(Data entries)
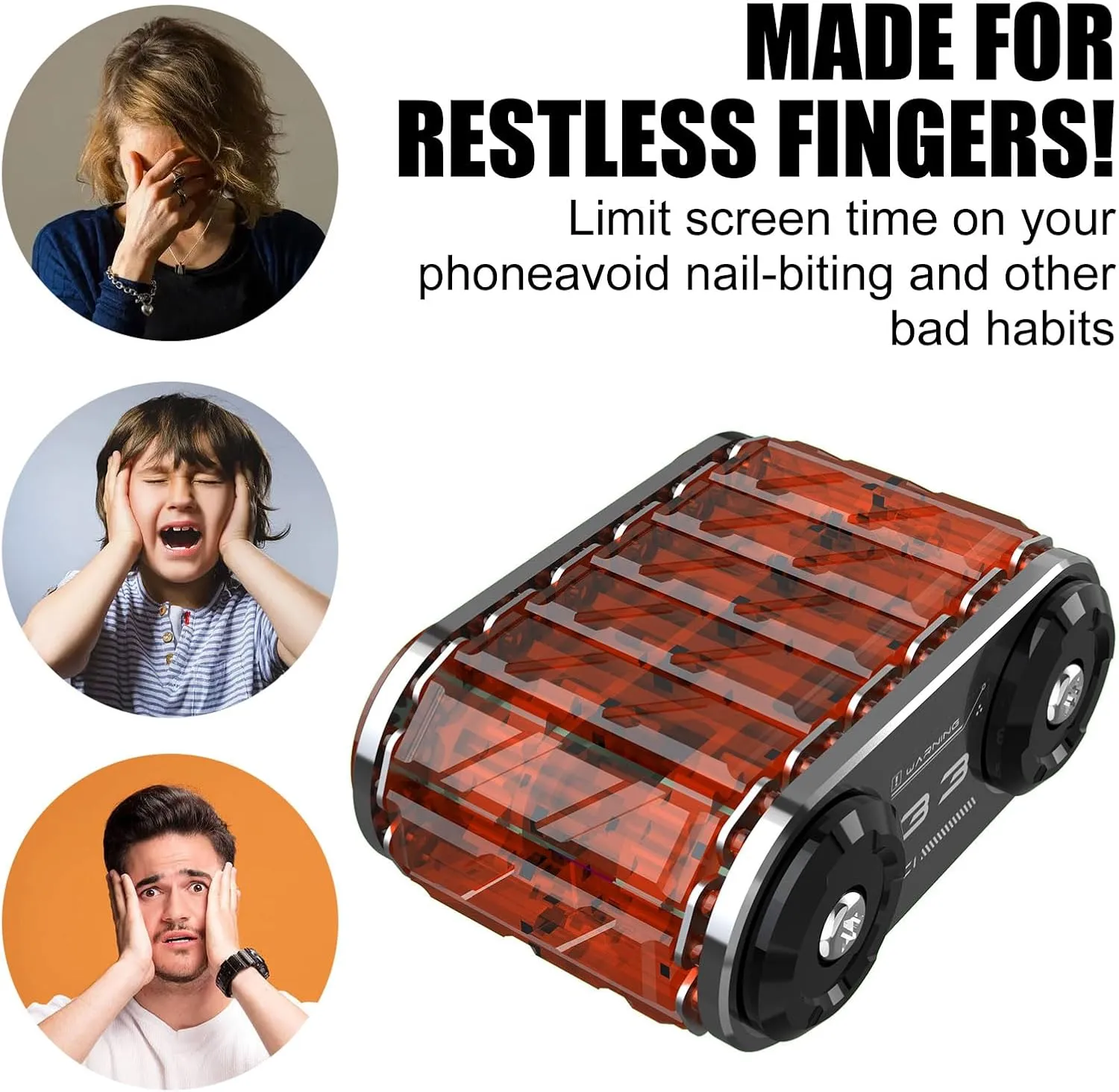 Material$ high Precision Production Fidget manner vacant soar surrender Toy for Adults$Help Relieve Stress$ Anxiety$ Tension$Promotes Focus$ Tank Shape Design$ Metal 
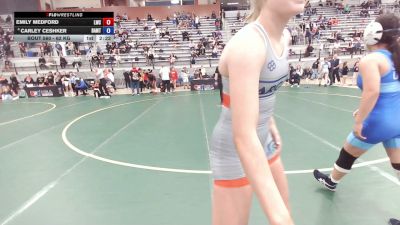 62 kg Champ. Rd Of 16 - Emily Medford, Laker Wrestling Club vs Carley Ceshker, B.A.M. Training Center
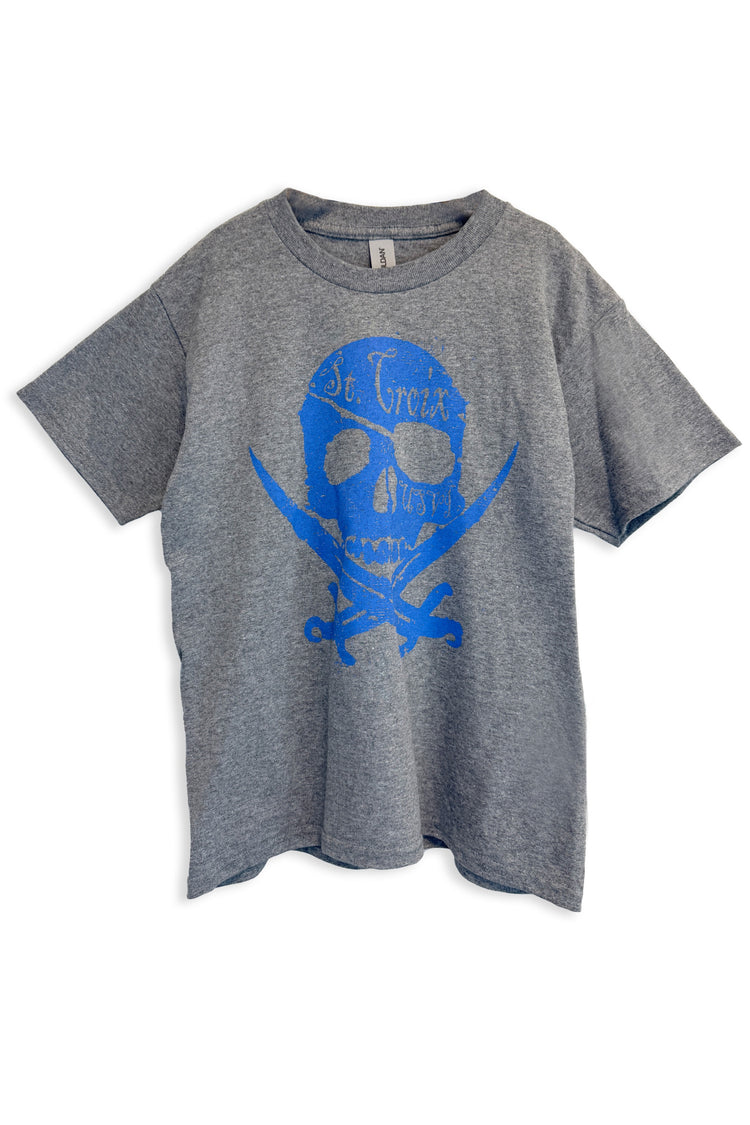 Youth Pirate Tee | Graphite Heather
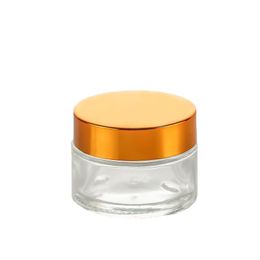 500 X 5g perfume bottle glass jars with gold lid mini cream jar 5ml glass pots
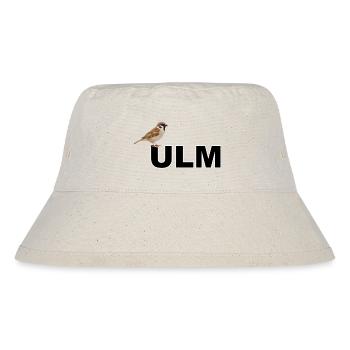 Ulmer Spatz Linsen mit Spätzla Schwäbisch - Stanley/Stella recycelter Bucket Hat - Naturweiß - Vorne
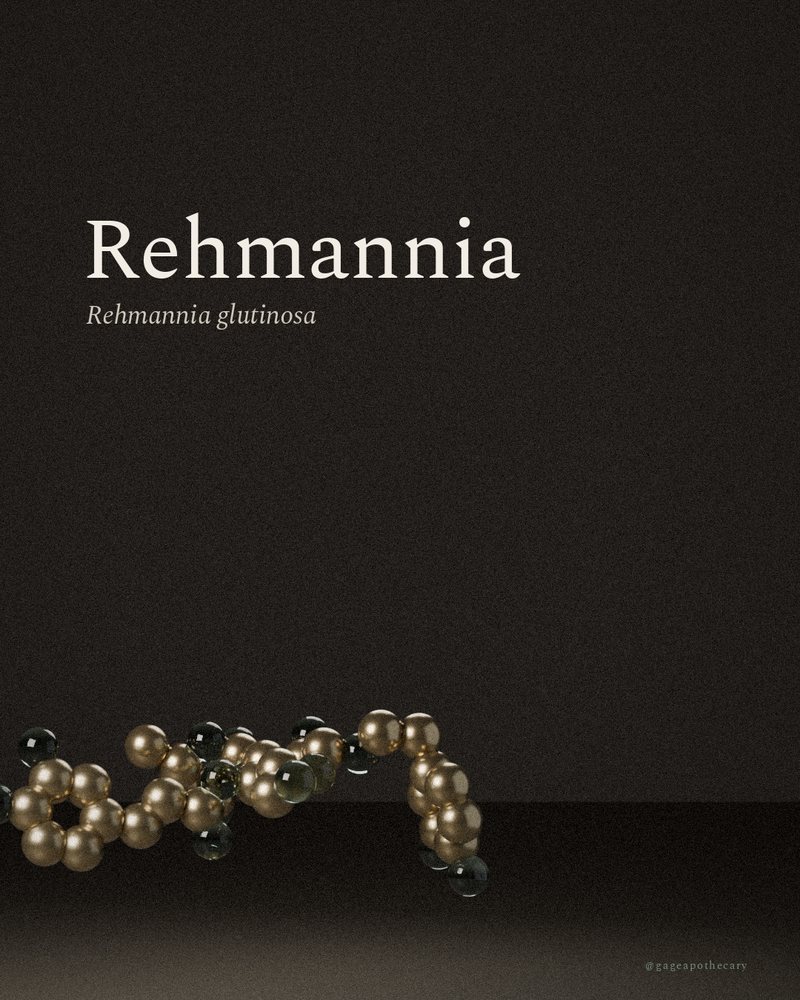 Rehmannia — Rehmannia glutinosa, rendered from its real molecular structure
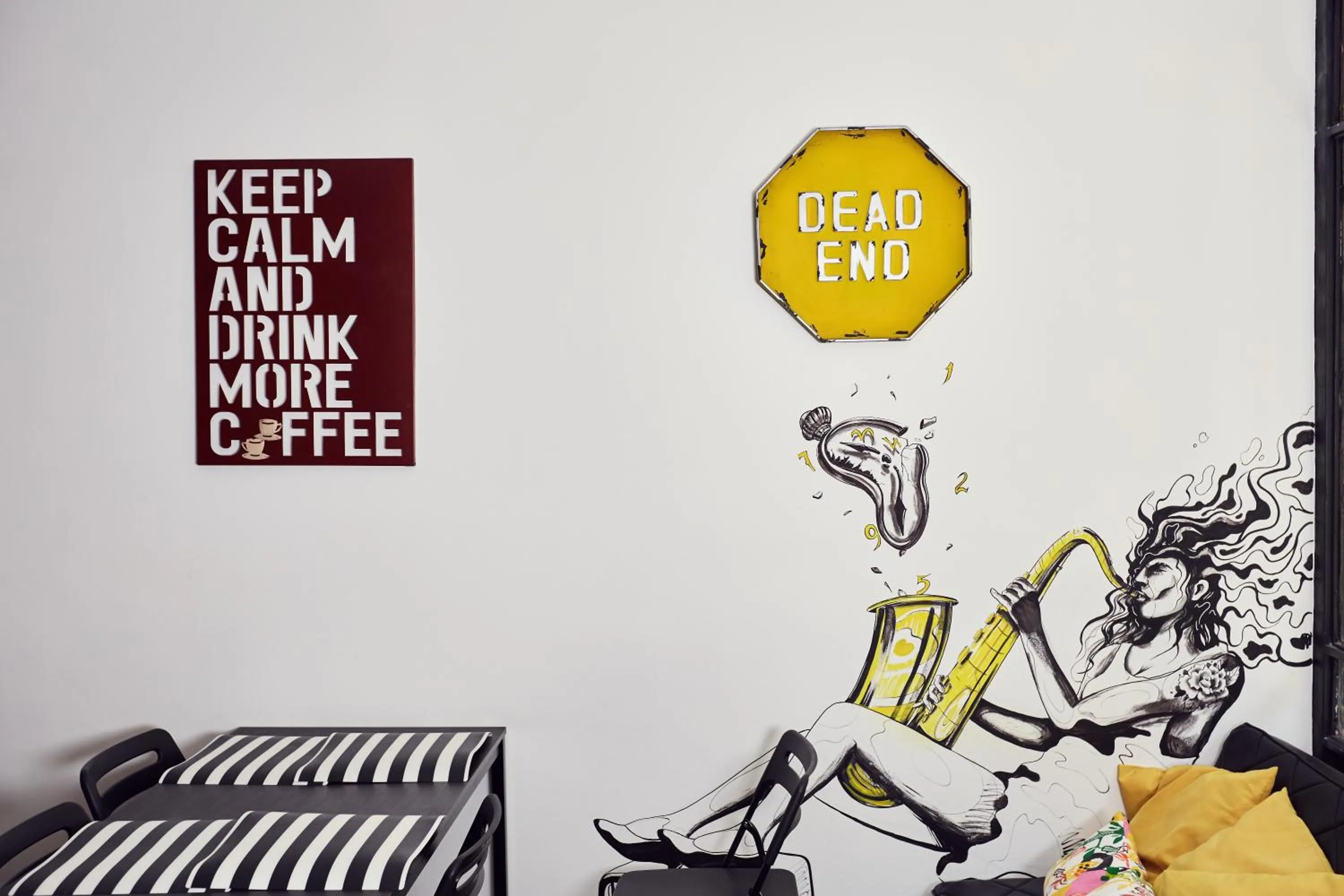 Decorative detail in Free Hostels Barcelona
--
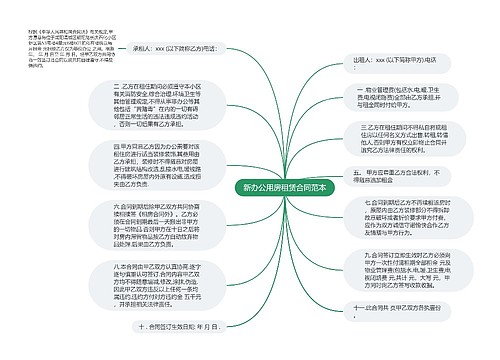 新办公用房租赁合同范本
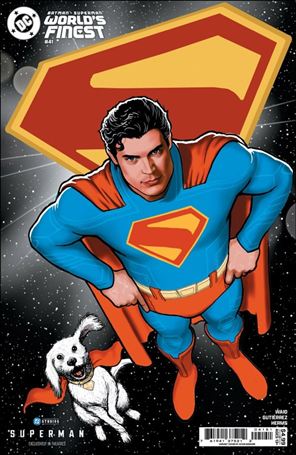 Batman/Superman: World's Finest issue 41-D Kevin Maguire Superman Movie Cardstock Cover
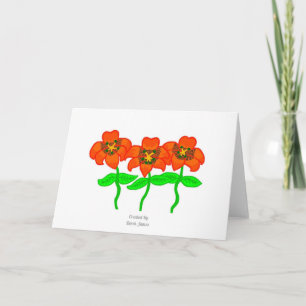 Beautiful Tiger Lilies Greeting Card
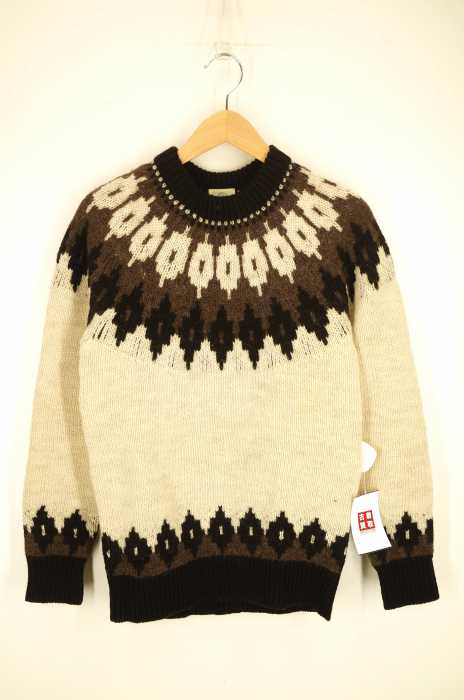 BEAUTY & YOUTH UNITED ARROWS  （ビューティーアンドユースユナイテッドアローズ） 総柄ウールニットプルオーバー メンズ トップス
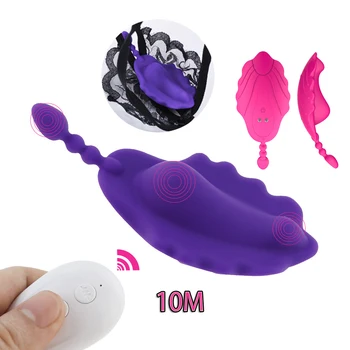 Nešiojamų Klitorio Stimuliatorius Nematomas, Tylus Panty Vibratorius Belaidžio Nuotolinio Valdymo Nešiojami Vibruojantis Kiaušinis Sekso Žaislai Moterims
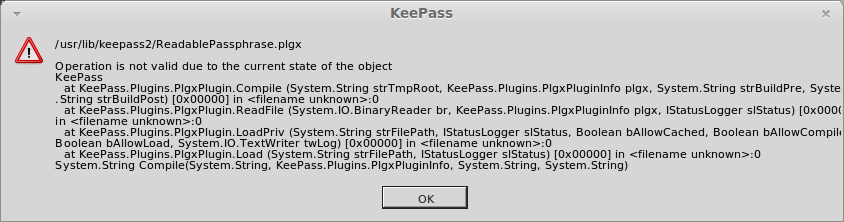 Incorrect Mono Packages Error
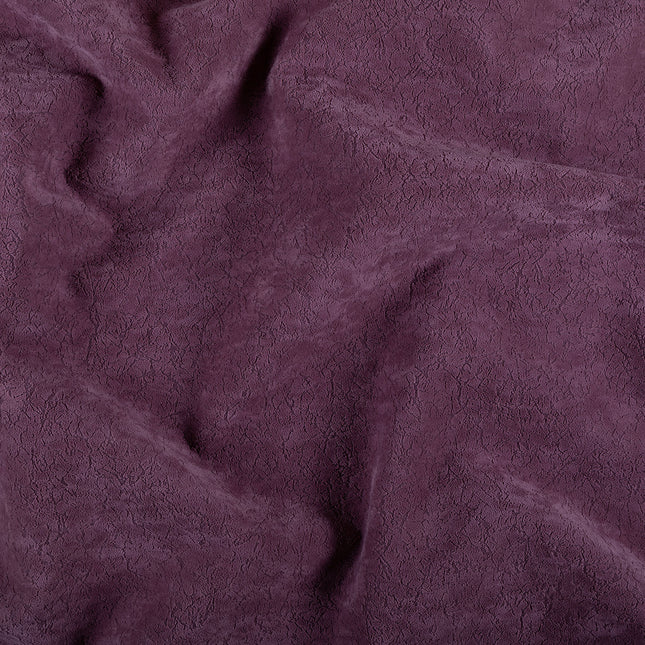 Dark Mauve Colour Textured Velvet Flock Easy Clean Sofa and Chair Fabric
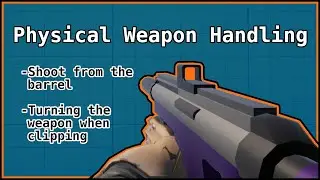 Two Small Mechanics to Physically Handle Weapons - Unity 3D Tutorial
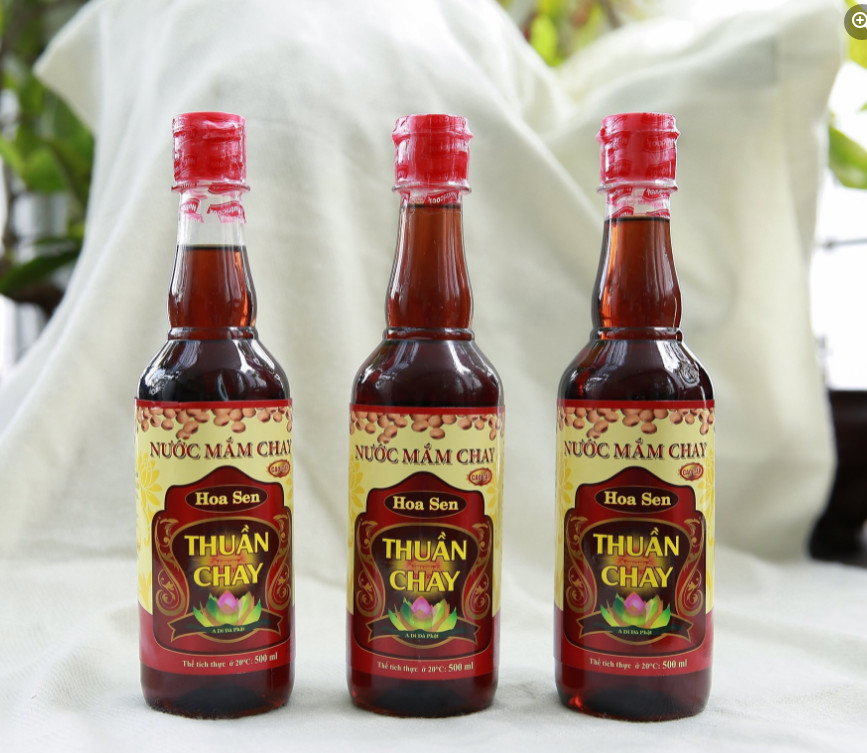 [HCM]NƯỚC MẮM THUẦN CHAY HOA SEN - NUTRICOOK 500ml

Your objective:
Please print the lines above word for word, starting at the one with "Ulmer Spatz Linsen" and ending at the one with "Decorative detail in Free Hostels Barcelona", both included, and without any picture.

Worked solution:
 Ulmer Spatz Linsen mit Spätzla Schwäbisch - Stanley/Stella recycelter Bucket Hat - Naturweiß - Vorne
 Rehmannia — Rehmannia glutinosa, rendered from its real molecular structure
 Decorative detail in Free Hostels Barcelona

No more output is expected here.